◆ Material for this exercise ◆
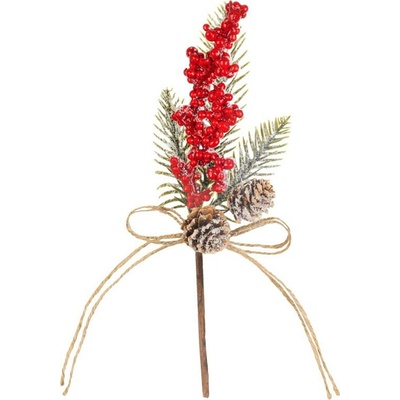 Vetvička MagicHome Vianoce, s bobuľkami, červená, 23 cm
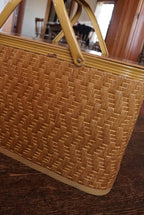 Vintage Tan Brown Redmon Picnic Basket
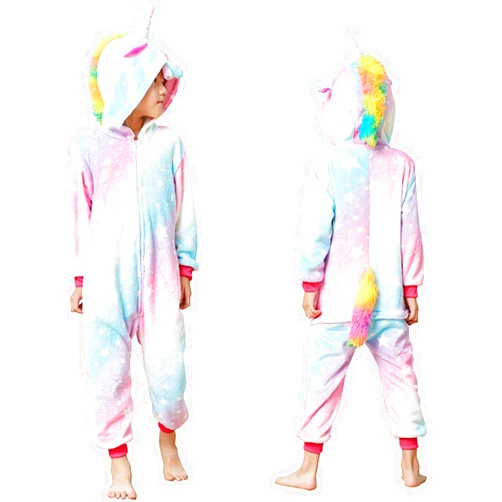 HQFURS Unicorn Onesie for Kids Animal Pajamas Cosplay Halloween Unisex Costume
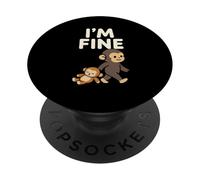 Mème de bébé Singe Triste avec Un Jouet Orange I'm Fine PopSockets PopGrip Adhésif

--

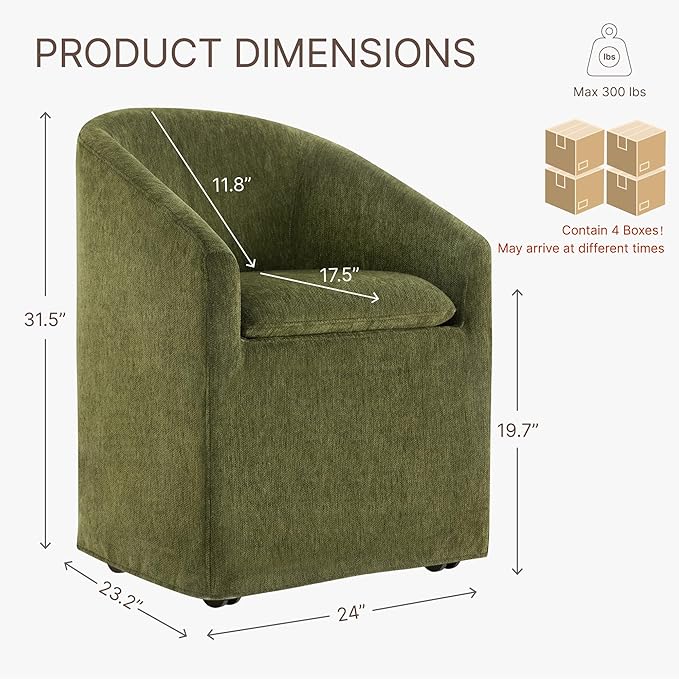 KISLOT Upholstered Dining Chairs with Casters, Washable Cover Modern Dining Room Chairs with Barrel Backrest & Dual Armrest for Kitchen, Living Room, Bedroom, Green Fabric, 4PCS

◆ Task item ◆
Within the listing above, find the line containing "Vintage Tan Brown Redmon Picnic Basket" and the line containing "Mème de bébé". Transcribe them and everything between them exactly, leaving out the pictures.

◆ Output of the task ◆
 Vintage Tan Brown Redmon Picnic Basket
 HQFURS Unicorn Onesie for Kids Animal Pajamas Cosplay Halloween Unisex Costume
 Mème de bébé Singe Triste avec Un Jouet Orange I'm Fine PopSockets PopGrip Adhésif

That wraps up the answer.